The last thing I remember was laying down at the bottom of the shower sobbing silently and coming to terms with knowing I would take my last breath. I made peace with never waking up while holding onto the little bit of life I had left in me.
At some point Chris finally decided to call an ambulance. Passed out in the shower, he cleaned the vomit and poop off of my body and dressed me so I was decent for the paramedics arrival.
Looking back on it, it was incredibly selfish to attempt to end my life in any way but unfortunately that day I just was not okay that day and when people are not okay like I was that day then something as drastic as suicide seems like the only logical way out.

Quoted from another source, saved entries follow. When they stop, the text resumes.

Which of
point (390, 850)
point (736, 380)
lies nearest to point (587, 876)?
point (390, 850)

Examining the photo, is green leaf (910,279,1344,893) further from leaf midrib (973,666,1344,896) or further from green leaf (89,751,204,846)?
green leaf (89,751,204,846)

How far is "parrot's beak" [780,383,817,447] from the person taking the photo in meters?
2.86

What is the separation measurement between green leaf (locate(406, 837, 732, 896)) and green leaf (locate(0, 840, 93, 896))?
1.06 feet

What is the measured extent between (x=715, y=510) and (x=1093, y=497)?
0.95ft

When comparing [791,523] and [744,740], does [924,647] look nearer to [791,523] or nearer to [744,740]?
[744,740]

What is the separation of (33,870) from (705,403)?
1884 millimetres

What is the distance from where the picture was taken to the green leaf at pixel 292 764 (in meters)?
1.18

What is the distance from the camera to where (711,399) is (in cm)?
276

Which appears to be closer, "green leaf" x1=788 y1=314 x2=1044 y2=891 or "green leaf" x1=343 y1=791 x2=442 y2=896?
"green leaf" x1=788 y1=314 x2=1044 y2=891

I cannot fathom what the next few days were like for Chris. He wasn’t related to me so when he called the hospital they wouldn’t disclose any information about my condition and my mother sure as hell wasn’t letting him know how I was. Fortunately, once I finally woke up my sister did text him a picture of me with my eyes open. I’m sure knowing I was alive was a huge weight off of his shoulders.

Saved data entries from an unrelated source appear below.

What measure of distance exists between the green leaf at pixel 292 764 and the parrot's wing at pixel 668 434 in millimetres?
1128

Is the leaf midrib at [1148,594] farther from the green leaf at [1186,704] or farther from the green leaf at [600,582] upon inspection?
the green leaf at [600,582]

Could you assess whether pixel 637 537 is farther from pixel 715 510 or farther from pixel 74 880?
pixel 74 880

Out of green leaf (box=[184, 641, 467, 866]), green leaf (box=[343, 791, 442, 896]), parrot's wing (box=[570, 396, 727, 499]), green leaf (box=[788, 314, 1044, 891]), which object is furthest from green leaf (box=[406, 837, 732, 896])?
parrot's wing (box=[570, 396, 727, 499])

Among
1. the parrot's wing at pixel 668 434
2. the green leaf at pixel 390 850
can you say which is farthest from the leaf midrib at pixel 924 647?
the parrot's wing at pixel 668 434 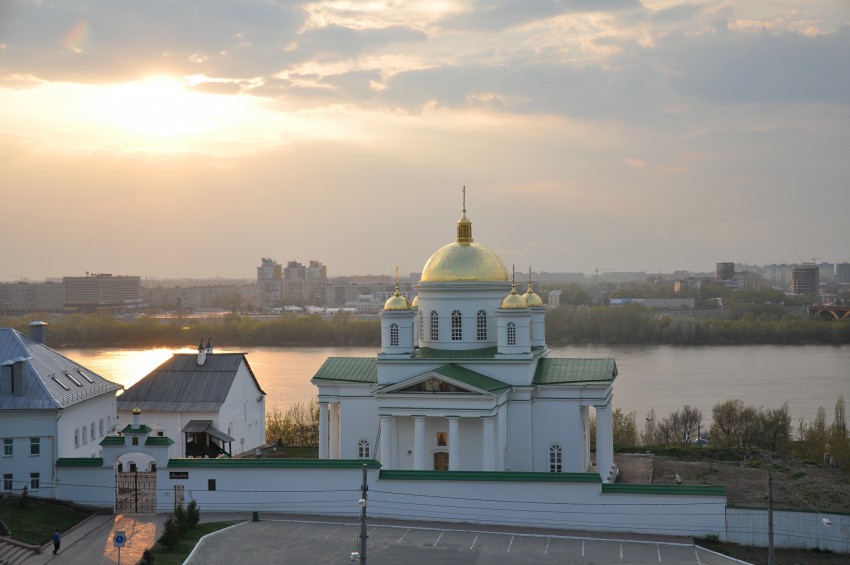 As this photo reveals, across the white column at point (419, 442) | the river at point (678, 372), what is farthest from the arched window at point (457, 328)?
the river at point (678, 372)

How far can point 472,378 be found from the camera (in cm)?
1955

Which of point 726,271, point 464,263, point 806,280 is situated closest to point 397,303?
point 464,263

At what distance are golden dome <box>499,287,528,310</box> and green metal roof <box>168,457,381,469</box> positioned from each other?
475 centimetres

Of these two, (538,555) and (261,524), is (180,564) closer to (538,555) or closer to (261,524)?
(261,524)

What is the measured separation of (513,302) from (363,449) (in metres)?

I suffered a complete organ failure after my overdose. I’d look at my medical records from the incident after the fact and I’m stunned that those records actually came from me. It was 3 days and 4 nights that I stayed in the hospital when it was unclear whether or not I’d wake up to some serious brain damage from being clinically dead for so long. They had to make a small incision in my neck in order to intubate me so I could breathe.

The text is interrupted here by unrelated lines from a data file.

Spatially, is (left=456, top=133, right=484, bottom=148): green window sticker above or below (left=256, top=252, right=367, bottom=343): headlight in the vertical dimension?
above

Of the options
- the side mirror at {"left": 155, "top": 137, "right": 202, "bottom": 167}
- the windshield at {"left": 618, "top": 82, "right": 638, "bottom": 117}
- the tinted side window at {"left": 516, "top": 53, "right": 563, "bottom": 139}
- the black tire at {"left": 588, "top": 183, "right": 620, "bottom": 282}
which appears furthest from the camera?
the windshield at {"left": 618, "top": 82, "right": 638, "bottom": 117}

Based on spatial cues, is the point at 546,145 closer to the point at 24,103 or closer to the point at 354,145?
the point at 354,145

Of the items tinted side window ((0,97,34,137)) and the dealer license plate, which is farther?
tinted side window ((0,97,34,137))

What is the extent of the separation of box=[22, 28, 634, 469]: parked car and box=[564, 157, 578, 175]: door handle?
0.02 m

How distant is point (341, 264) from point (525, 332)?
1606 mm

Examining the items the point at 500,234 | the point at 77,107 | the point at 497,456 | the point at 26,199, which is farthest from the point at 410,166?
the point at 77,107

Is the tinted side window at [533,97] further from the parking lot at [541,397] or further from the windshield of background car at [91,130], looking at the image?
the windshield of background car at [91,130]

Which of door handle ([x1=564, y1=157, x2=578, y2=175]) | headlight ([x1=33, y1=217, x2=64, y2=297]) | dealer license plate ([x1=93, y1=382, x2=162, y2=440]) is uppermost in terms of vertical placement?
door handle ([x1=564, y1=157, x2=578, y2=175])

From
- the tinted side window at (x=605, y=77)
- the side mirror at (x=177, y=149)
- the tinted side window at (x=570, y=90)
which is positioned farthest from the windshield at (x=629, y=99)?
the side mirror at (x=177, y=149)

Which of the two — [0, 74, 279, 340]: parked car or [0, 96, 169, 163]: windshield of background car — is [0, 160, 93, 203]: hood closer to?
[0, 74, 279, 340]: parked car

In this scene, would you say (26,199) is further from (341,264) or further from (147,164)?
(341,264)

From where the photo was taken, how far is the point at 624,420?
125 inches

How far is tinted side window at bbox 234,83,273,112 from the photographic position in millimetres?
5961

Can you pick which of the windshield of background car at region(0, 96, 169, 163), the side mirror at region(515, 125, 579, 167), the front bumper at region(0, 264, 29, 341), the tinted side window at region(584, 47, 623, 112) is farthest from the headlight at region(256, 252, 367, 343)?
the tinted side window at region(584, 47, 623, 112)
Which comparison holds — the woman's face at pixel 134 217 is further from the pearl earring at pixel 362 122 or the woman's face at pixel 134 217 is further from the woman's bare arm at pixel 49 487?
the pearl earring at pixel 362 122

Sometimes I go back and look at my medical records just to remind myself how close to death I really was. It was definitely no joke.
While in my coma, I had this dream that played out on a reoccurring loop. I was holding Zeke on my hip and we were joyously walking around a gorgeous, brightly lit botanical garden. Not a care in sight, nothing but bright big and genuine smiles. It’s what I was longing for the most in my afterlife, just a happily ever after with me and my boy.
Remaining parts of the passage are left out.